Voy a «bienservirme» de algunas coincidencias para ensayar lecturas técnicas y temáticas. ¿Es la «mujerez» un pecado penitente? Las mujeres en escena suelen llenar sus teatralidades desde la condición social que creen sufrir. Mientras escribo estos párrafos, se me ha fruncido el ceño por una reminiscente amargura, y es que, a juzgar por lo visto, la elección es ser primero mujer antes que actriz, lo que no sería nada cuestionable si no fuera porque lo que se vislumbra es una aridez de creatividad que reduce la escena y sus conjuntos a una suerte de espacio-tiempo terapéutico disfrazado de meras teatralidades encajadas con fórceps.
Es inevitable escuchar que las temáticas recurrentes de mujeres en escena tienen que ver con relaciones de pareja: abandono, separación, violencia, infidelidad, reclamos... un variopinto listado de quejas y, bueno, donde hay quejas hay sufrimiento, o al menos hay dolor. Comienzan las interrogantes: ¿Son estas miradas feministas o antimasculinas?
Bruta
(Escrita, actuada, producida y dirigida por Carolina Piechenstein)
Bruta narra la historia de una mujer a la que el novio «le ha cortado», y desde la intimidad de su habitación ensaya una diatriba de desamor con la que procura liberar su pena, lo que la termina postulando a la categoría de bruta. Continúan mis inquietudes: ¿el novio le ha cortado? Entiendo el término de uso coloquial, pero ¿no es esta una postura flagelante? Algo así como (salvando lo herético del símil): «Padre, ¿por qué me has abandonado?».
¿Qué lenguajes elige Carolina para contar la trama? El espacio escénico y el espacio argumental son tratados con desenfado, sin otra pretensión que su geometría regular. Los objetos, cotidianos: un colchón, una mesita, un espejo. Llaman la atención dos elementos. En el plano narrativo dramatúrgico, la figura recurrente de un pollo, un ave, imagen que se impone como metonimia de «mujer/comida» (en el foro posterior a la obra, un asistente lo plantea así), o como metáfora de «mujer/sacrificada para ser consumida».

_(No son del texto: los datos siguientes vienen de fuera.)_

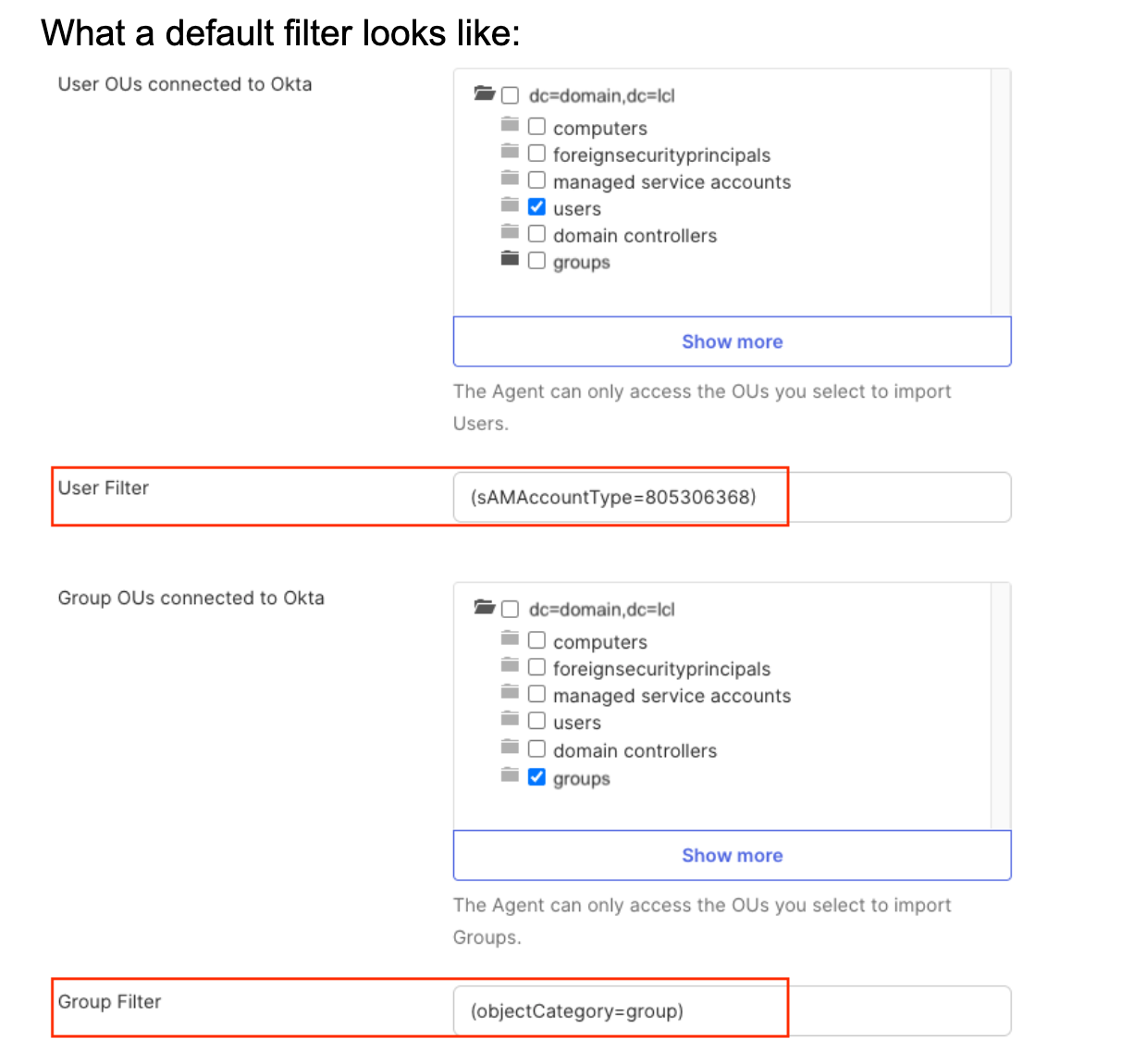 Standard Directory LDAP filters and default Active Directory LDAP filters are not impacted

La idea —que tiene potencia— se diluye en la falta de tratamiento teatral. El otro elemento es un video proyectado al fondo, en siete fragmentos, que otro asistente asocia con los siete momentos del duelo. Pero lo más inmediato que evidencia es la función de recurso distractor mientras hay cambio de vestuario. ¿Qué sucede con el montaje? Adolece de autodirección. Es tan difícil verse sin hacerse concesiones. Desdoblarse, objetivarse, aprovecharse. Sacarse el mejor partido. Porque en el purgatorio teatral, el esfuerzo y los sacrificios no son directamente proporcionales a los resultados obtenidos.

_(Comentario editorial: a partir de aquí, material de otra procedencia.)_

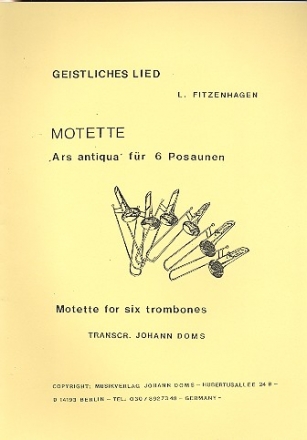 Geistliches Lied fr 6 Posaunen Partitur und Stimmen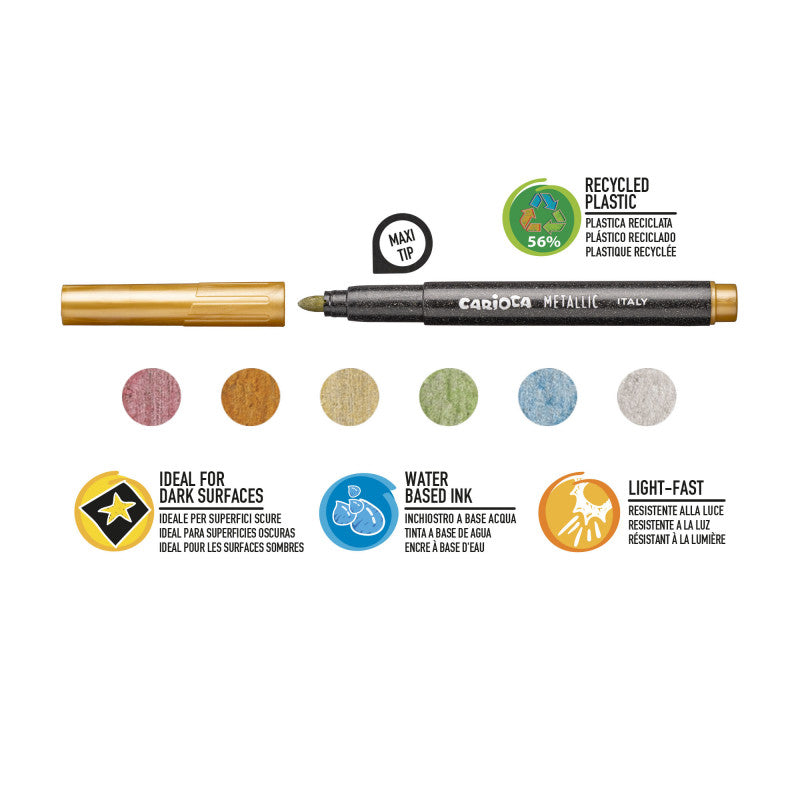 Buy Carioc Metallic Maximarkers Box 6pcs Felt Tip Pens | Yallatoys.com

La estridencia, la monotonía vocal, el desgarro emocional no garantizan las poéticas de los contenidos. La actriz tiene recursos valiosos y una línea de pensamiento lo suficientemente contestataria como para abordar cualquier tema, lo que necesita es circunscribirse a sus fortalezas, que para el caso de Bruta es lo actoral. La obra moviliza opiniones y reflexiones, pero todo esto aparece más por lo polémico del tema antes que por lo que sus componentes teatrales puedan brindar. Es una elección… no solo del espectador, también de la realizadora.
Au-yo
(Escrita, actuada, producida y dirigida por Luciana Grassi)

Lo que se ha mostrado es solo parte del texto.